Paulo nunca deixou de reconhecer sua insuficiência e, mesmo sob ataque de alguns da Igreja em Corinto que o julgavam como um homem enérgico em suas cartas, mas pessoalmente fraco e de palavras sem valor (cf. 2Co 10:10), também não vacilou em sua identidade, agora, redimida em Cristo, mas sempre entregou suas marcas e cicatrizes a Deus.

Diferente da falsa humildade, que, no fundo, ainda é centrada em si mesma, Paulo sabia quem ele era, não haviam dúvidas que o fizessem se retrair ou desistir da sua vocação, ele sabia que seus dons foram dados pelo Senhor para que ele pudesse fazer sua obra e glorificá-lo em cada detalhe, não importassem quais seriam as circunstâncias. Por outro lado, nós acabamos fugindo, nos escondemos diante das dúvidas que nós mesmos levantamos e que outros levantam sobre nós e, com isso, nos ocultamos do próprio Deus e não vamos a ele para recebermos cura.

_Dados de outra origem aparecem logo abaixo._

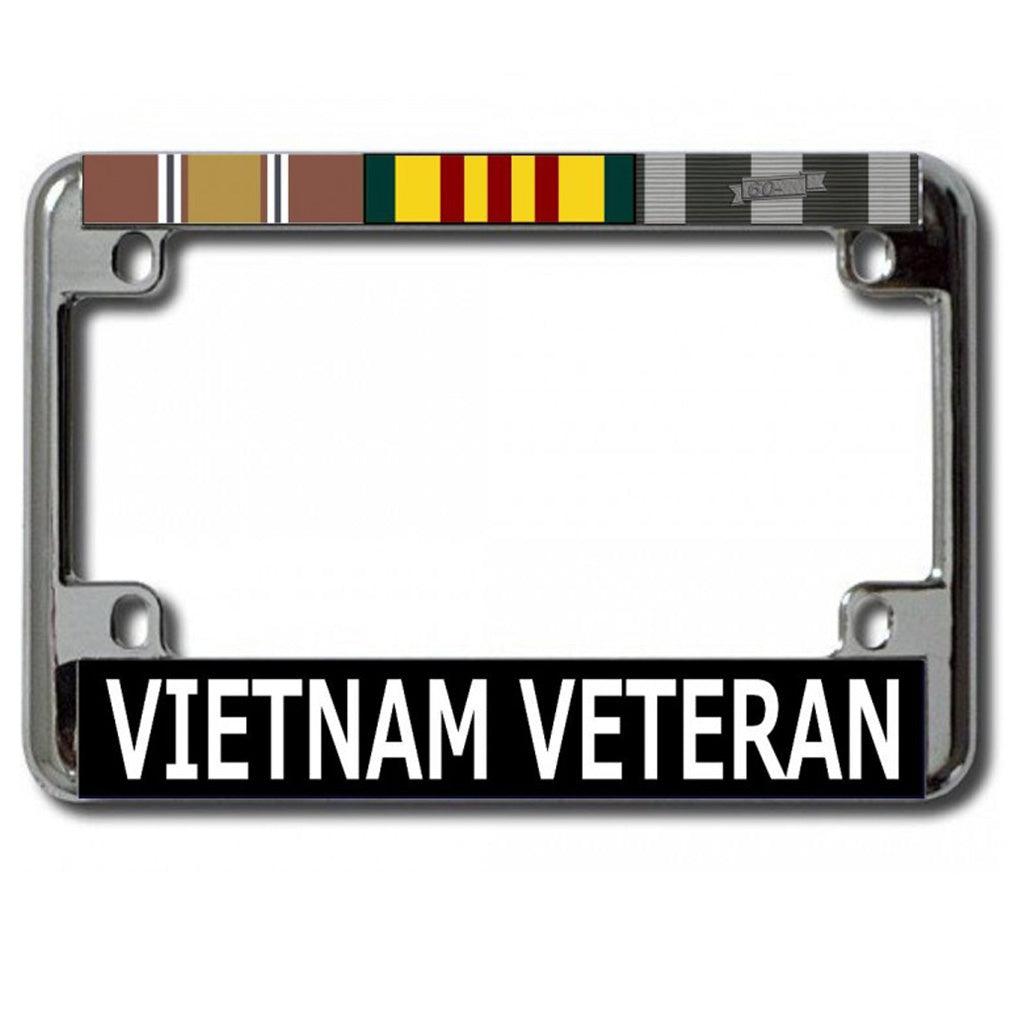 Vietnam Veteran Chrome Motorcycle License Plate Frame - Military Republic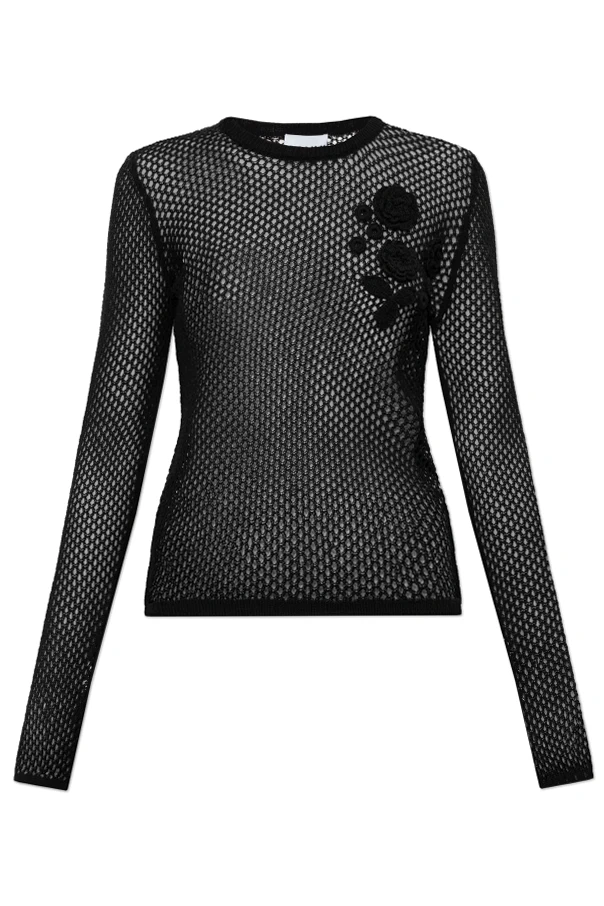 BLACK Crochet top with floral motif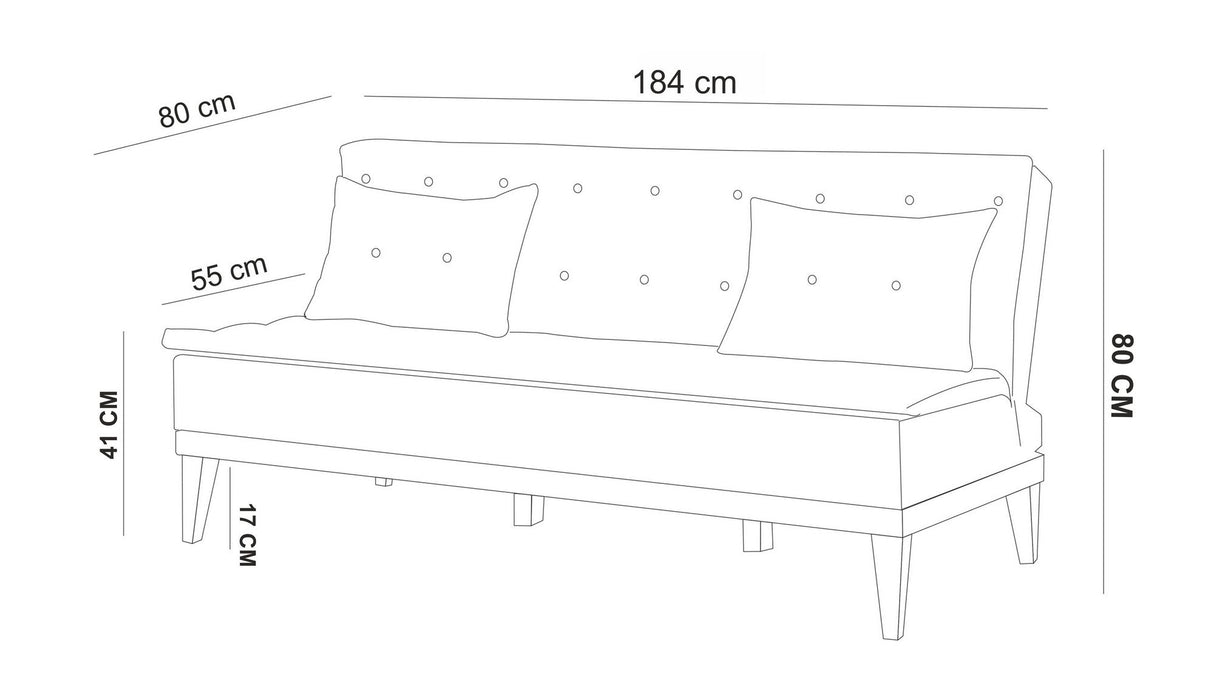 Canapea extensibilă 3 locuri Fuoco, Diverse culori, 184x80x80 cm - Antracit | SKU: 867UNQ1333 | Canapea extensibilă 3 locuri Fuoco, 184x80x80 cm, varianta Antracit, produs pentru amenajarea locuinței, disponibil online în România la CasaMob
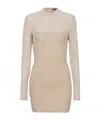 Balmain Labyrinth Monogram Long-sleeved Dress In Beige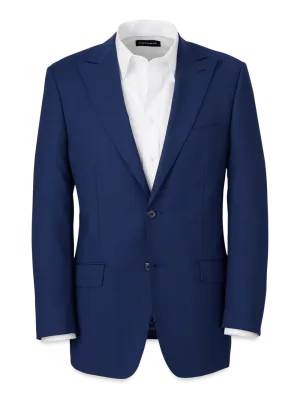 Wool Stretch Bengaline Peak Lapel Suit Jacket - Blue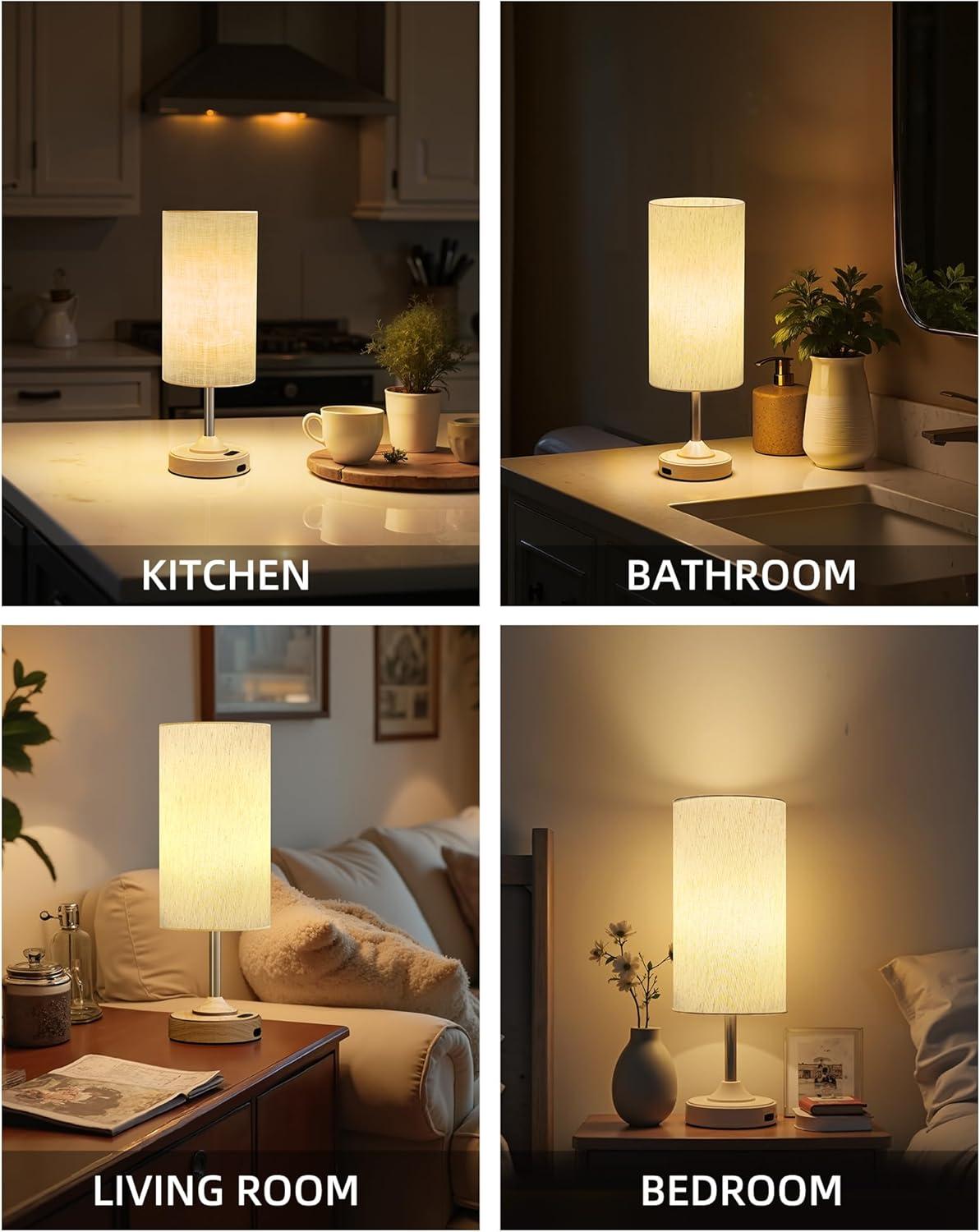 imageBedside Table Lamp Cordless Dimmable Touch Timer 2700K Bedroom Portable LED Wireless Rechargeable Battery Operated Desk Lamp Fabric Shade WoodGrain Finish Living Room Dining RoomWood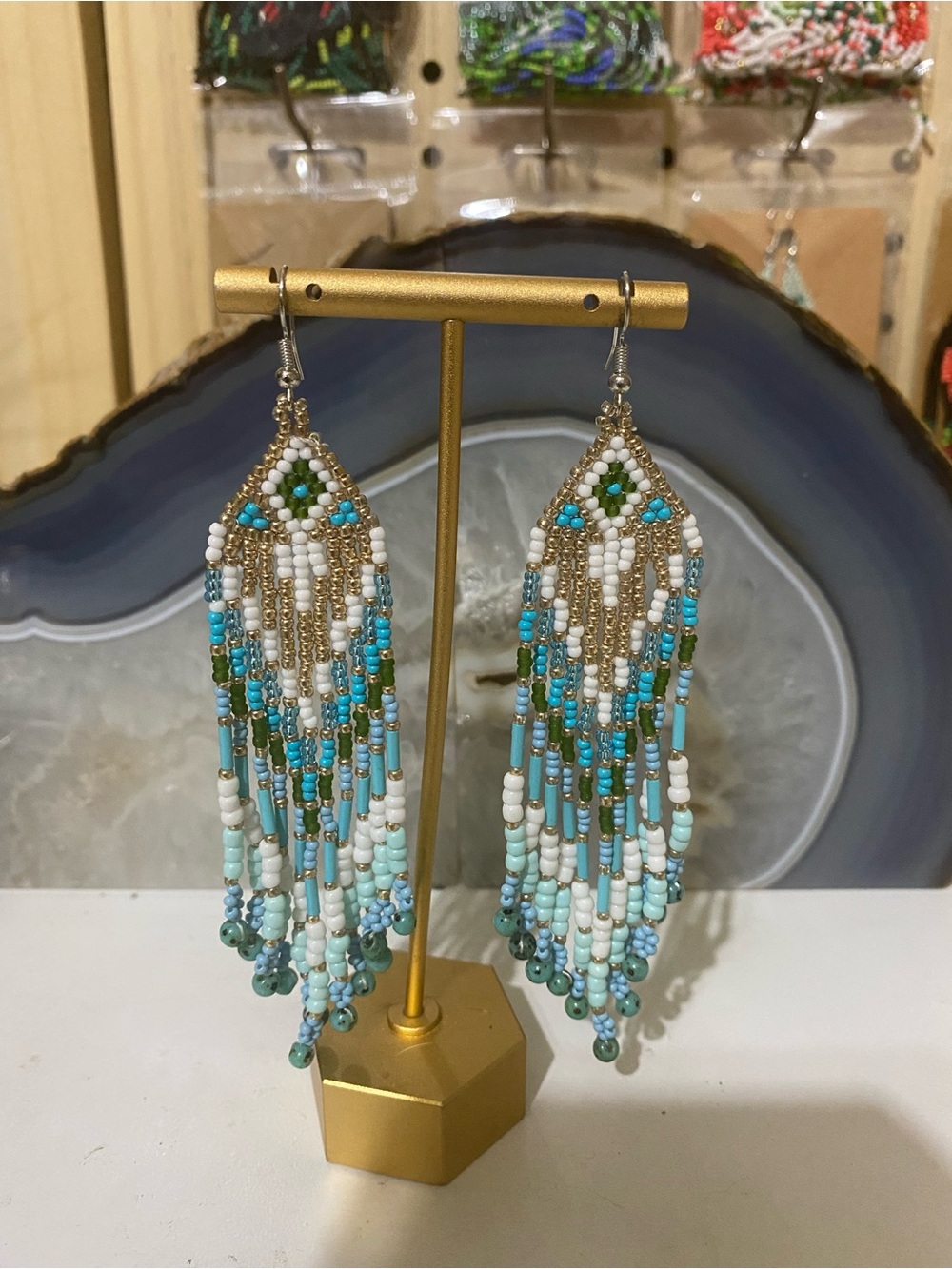 Beaded Fringe Teardrop Earrings in Turquoise and White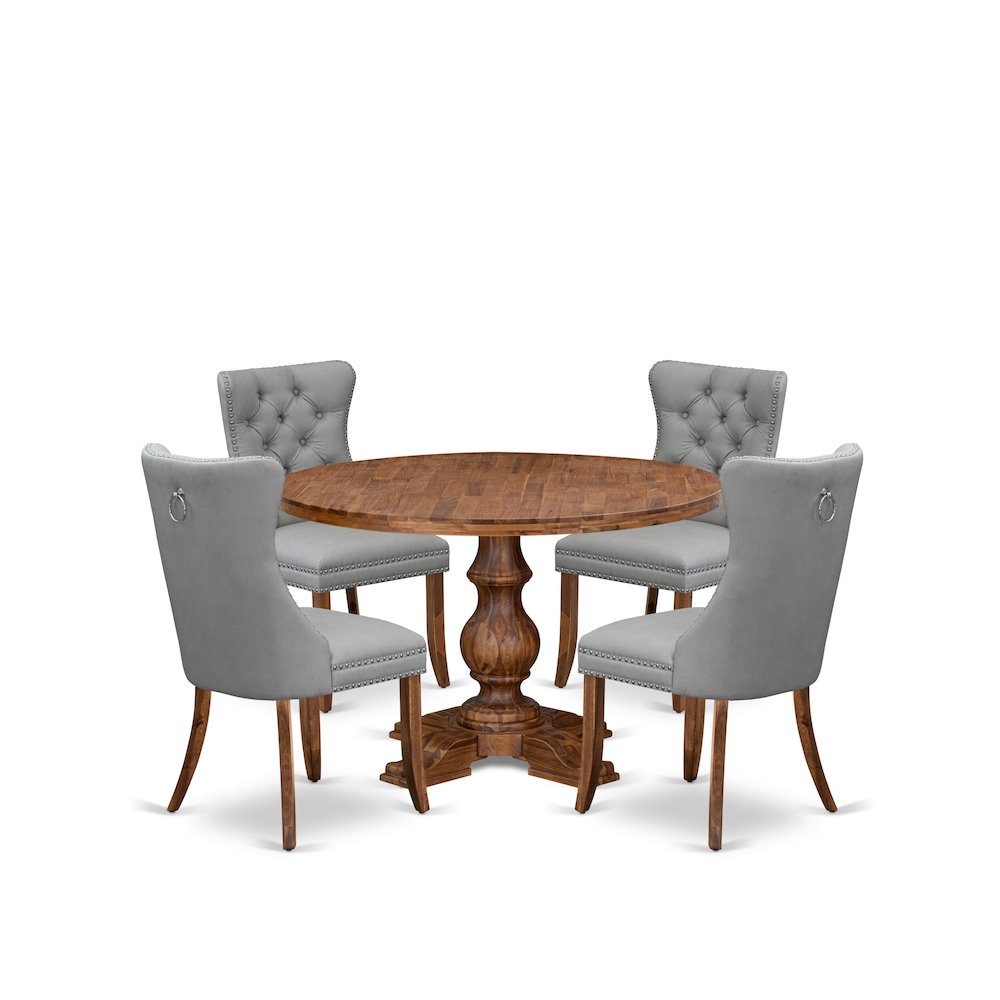 5-Pc Dinner Table Set Contain A Wood Table And 4 Light Gray Upholstered Chairs. Picture 1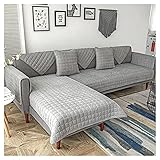 RTSFKFS Sofabezug Ecksofa Couchbezug Sofaiberwurf l Form Eckcouch 3/2 Sitzer Sofaschutz Schonbezug Sofaschoner rutschfest Hund Katze Sofabezügen- Grau (Color : A, Size : 90x160cm1pc)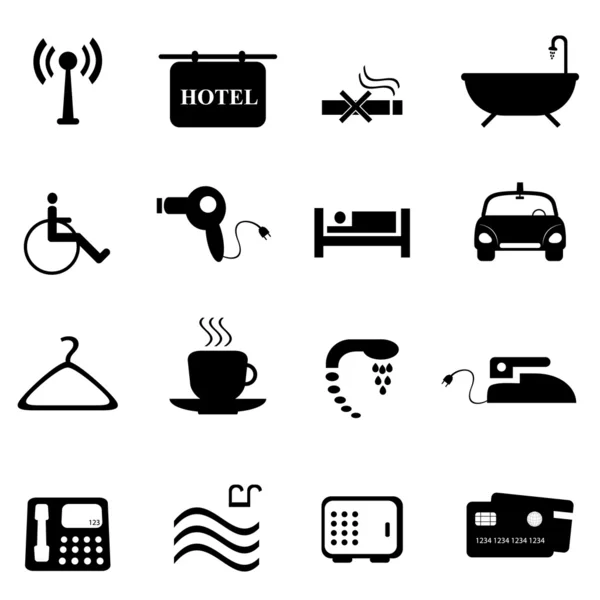Icônes d'hôtel en noir — Image vectorielle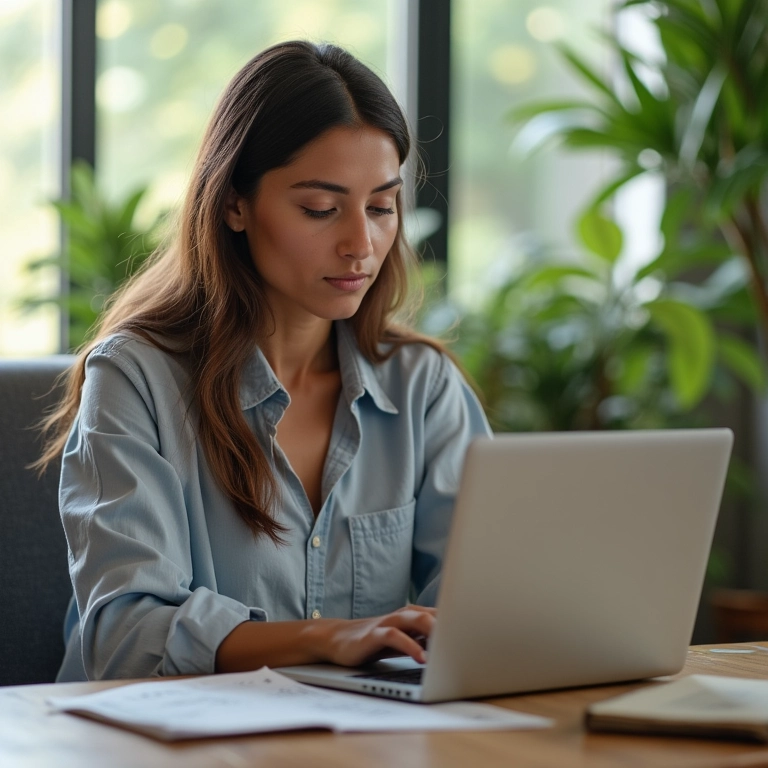 Mulher acompanha e rebalanceia sua carteira de investimentos.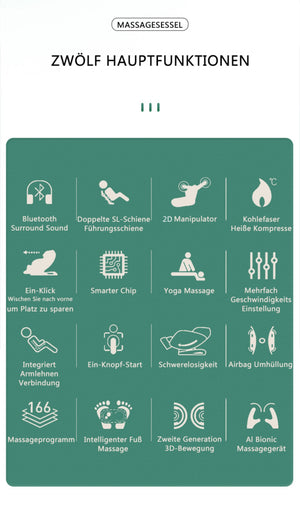 Designer Relaxsessel 2D Massagesessel Sessel Modell Sion Salottini Neuste Generation! Grün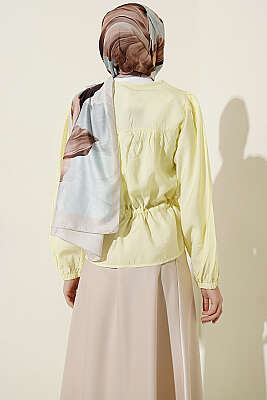 Beli Tünelli Salaş Kısa Gömlek Sarı - Gömlek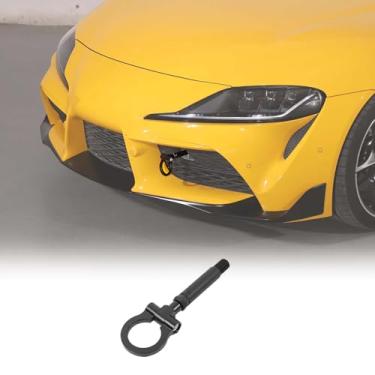 Imagem de Fgtagtal Gancho De Reboque Para Para-Choque Dianteiro Compatível Com Toyota Supra Gr A90 A91 Mk5 2019-2024, Anel Vedação Estilo Corrida, Acessórios Engate Externo (Preto)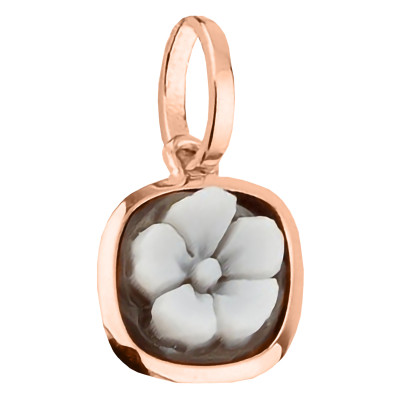 Pendentif Camée Carré Fleuri, Argent Rose Doré - Emanessence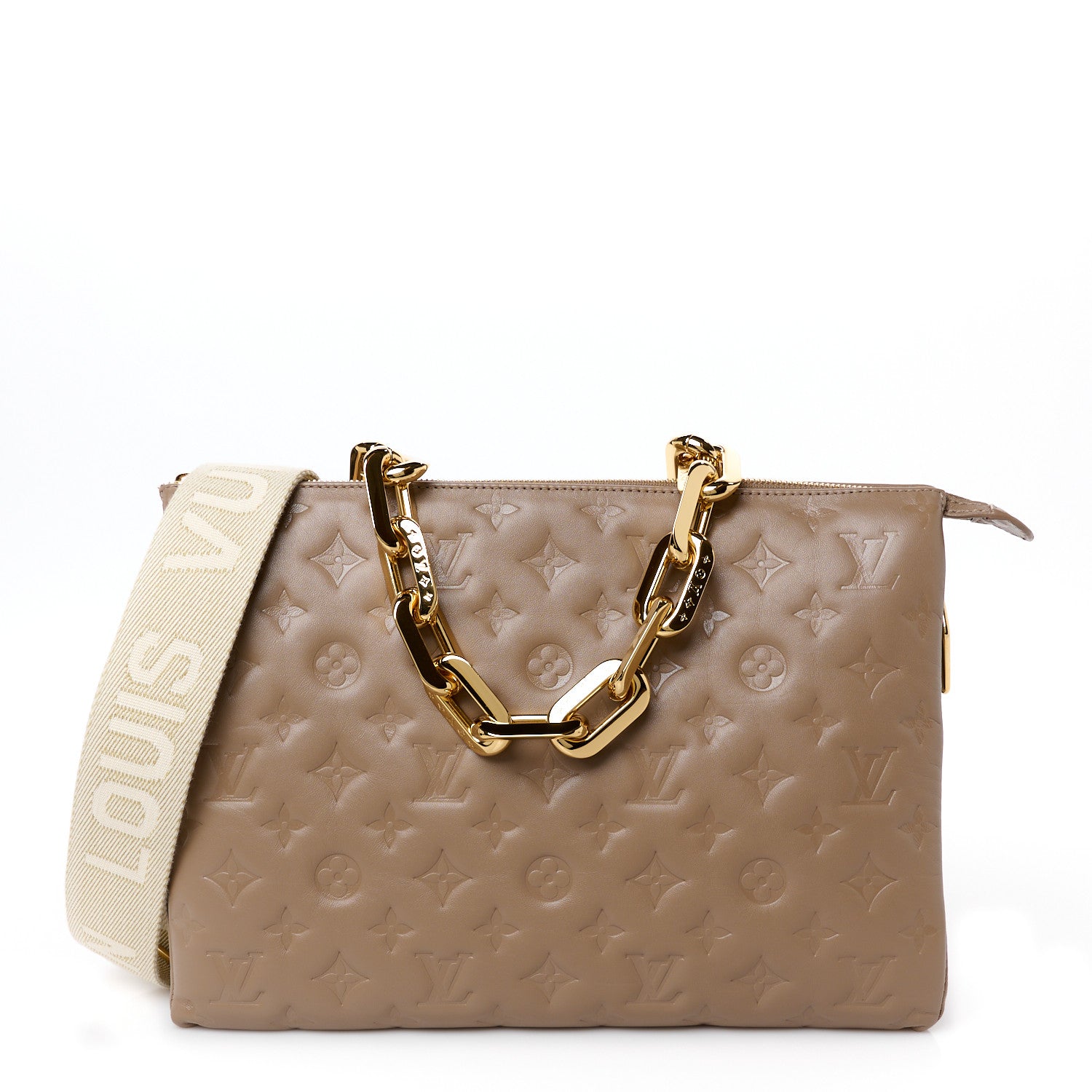 Lambskin Embossed Monogram Coussin MM Taupe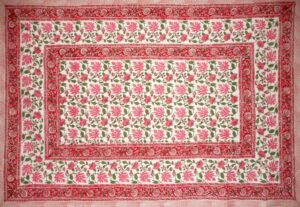 homestead pretty in pink block print cotton tablecloth 90" x 60" pink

Deixamos de depender de Deus e passamos a praticar nosso perfeccionismo, nossa procrastinação, nos tornamos hiperprodutivos ou seguimos nos autossabotando até que as tentativas de ocultar nossos talentos se revelem pelo vento que passa nas rasas dunas de areia do deserto do desespero de “sermos descobertos inadequados”, assim como Moisés fez com o egípcio. Façamos o caminho inverso, como Paulo fez, pois ele não se agarrou às próprias estratégias, mas se rendeu à graça e ao poder de Deus.

Eis um fato: ainda seguiremos quebrados mesmo depois da nossa conversão, porém Deus continua trabalhando em nós em uma obra de restauração trazendo valor a cada cicatriz, tal qual é feito nos vasos de cerâmica emendados com ouro, para que nossas fraquezas e imperfeições sejam ressignificadas e glorifiquem ao Senhor. Quando ele retornar, então, elas se tornarão inteiras e resplandecerão em perfeição pela redenção final que receberemos do nosso Salvador.

Por ora, seguimos pregando para o impostor em nós que seus medos e inseguranças não o definem mais, que agora ele é filho amado de Deus que reflete a imagem e semelhança da Trindade e seus dons foram dados como presentes, não para que seja melhor que os outros ou para que tenha medo de não ser suficiente, mas para que siga em seu maravilhoso chamado de deleitar-se e alegrar-se no Pai, seguindo os passos de Jesus Cristo que, em tudo, foi obediente no trabalho para o Reino, confiando sempre na provisão do Senhor por meio do Espírito Santo. Assim, quando as dúvidas surgirem fazendo mais cacos em sua alma, que você possa ir até o Grande Ourives para que ele faça uma linda obra para a glória do seu Nome.